For eight years I was the Curator of Historic Royal Palaces. This was a Board-level position which put me in charge of the curatorial aspects of Hampton Court Palace, The Tower of London, Kensington Palace state apartments, The Banqueting House, Whitehall and Kew Palace. After 1996 I was also in charge of building fabric, its maintenance and repair and of all projects.

Historic Royal Palaces came about through accident, literally. When English Heritage was set up it was not felt appropriate that these unoccupied palaces should be managed by a Quango and the Department of the Environment maintained them under direct management. The arrangement, which involved split accountability, was not a success and contributed to the terrible fire at Hampton Court in 1986. In the aftermath of the fire (in October 1989) Historic Royal Palaces was set up as an executive agency to manage the palaces. The story of all this is told in detail in my book Hampton Court, A Social and Architectural History on pages 374-88.

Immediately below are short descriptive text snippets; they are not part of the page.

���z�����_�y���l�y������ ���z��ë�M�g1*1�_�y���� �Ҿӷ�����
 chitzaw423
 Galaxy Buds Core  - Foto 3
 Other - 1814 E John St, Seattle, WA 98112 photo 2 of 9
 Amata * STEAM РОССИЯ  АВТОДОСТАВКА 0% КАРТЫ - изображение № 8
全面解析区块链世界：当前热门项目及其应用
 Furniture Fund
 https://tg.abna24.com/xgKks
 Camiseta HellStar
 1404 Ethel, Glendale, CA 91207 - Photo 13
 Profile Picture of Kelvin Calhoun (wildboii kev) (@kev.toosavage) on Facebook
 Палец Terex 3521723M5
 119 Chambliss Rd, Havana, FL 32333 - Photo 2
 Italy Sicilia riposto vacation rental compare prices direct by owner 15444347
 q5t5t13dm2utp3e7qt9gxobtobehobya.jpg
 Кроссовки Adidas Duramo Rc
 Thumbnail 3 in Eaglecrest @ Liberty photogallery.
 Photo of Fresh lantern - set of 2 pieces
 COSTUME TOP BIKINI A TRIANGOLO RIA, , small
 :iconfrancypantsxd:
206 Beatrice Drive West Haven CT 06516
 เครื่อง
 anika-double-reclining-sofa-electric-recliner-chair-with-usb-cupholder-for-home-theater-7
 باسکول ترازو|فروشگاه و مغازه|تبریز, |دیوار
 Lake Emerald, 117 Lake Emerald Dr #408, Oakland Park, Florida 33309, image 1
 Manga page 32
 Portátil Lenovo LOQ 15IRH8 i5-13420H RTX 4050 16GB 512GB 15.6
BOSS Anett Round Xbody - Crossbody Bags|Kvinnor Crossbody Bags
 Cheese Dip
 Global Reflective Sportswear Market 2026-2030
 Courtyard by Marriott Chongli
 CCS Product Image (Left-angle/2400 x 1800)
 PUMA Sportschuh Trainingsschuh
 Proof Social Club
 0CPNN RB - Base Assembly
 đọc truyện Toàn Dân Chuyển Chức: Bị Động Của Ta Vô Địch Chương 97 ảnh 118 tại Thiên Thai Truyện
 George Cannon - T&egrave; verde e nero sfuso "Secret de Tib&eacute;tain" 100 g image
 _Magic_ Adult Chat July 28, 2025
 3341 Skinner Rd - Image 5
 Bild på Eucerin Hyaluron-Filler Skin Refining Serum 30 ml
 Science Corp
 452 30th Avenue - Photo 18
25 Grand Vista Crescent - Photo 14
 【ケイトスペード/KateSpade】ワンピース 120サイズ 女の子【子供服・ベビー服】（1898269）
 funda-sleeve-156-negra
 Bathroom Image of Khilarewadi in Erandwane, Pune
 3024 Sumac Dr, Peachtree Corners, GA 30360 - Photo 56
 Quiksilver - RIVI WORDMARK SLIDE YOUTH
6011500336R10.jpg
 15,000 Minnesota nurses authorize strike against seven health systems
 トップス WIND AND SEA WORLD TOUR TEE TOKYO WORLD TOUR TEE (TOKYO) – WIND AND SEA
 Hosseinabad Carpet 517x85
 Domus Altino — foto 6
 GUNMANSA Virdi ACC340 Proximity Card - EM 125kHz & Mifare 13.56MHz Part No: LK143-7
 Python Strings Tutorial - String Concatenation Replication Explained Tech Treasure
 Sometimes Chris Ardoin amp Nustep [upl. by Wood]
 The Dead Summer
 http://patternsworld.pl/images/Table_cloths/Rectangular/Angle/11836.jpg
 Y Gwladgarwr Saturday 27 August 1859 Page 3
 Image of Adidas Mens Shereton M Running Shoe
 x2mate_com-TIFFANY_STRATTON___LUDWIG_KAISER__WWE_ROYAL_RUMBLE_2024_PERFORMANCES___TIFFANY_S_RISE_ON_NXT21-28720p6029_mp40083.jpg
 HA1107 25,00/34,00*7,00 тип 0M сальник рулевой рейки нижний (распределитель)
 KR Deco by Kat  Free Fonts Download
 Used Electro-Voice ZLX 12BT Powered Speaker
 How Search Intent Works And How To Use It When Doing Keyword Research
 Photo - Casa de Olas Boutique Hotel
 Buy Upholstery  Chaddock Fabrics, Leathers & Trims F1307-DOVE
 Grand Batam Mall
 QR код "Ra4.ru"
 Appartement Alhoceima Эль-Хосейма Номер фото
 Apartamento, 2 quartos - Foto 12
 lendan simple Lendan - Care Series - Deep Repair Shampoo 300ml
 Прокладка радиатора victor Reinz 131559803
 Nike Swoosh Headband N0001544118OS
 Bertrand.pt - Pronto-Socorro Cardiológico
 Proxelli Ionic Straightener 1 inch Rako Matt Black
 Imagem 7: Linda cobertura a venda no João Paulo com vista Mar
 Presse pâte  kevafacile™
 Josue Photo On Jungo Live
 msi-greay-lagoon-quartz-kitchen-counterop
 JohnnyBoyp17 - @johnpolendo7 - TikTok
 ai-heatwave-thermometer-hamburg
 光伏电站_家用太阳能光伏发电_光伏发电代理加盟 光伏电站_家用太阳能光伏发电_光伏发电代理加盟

My boss at HRP was the Chief Executive David Beeton who placed a huge amount of confidence in me. I was responsible for devising a programme of restoration that was academically sound, but engaging and lively for visitors. I had already cut my teeth devising such a scheme for the fire-damaged King’s apartments at Hampton Court and in this had been hugely influenced by two books: Mark Girouard’s Social Life in the English Country House and Peter Thornton’s Seventeenth Century Interior Decoration in England France and Holland both published in 1978. These books were about how people in the past lived in buildings – they were art historical to a degree; but they were really social history – and it was social history that I did for eight years at HRP.

The first project was to set the tone of what we wanted to do. This was the re-presentation of the Tudor Kitchens at Hampton Court which opened in 1991. I wanted to light the fires and fill the kitchens with real food and piles of utensils that people could get close to without barriers or signs. Other historic kitchens had been re-displayed, of course – but this was on a scale and ambition that had not been done before. The Daily Telegraph called it ‘quite the most stunning exhibition of its kind in the world’.


This was a taster for the big event that was the opening of the King’s Apartments at Hampton Court on 8 July 1992. The rooms were transformed thanks to a brilliant partnership that I had with my colleagues at the Royal Collection. Tapestries were brought out from store, restored and hung in their original locations. Furniture was reassembled and laid out as it was in 1700; we re-made the ground floor rooms that the king had used off-duty: these were almost the best bit – intimate and atmospheric. The project was very influential and people from all over Europe came to see how we had done it. I have written the whole story of this in my book on Hampton Court, if you are interested in knowing more.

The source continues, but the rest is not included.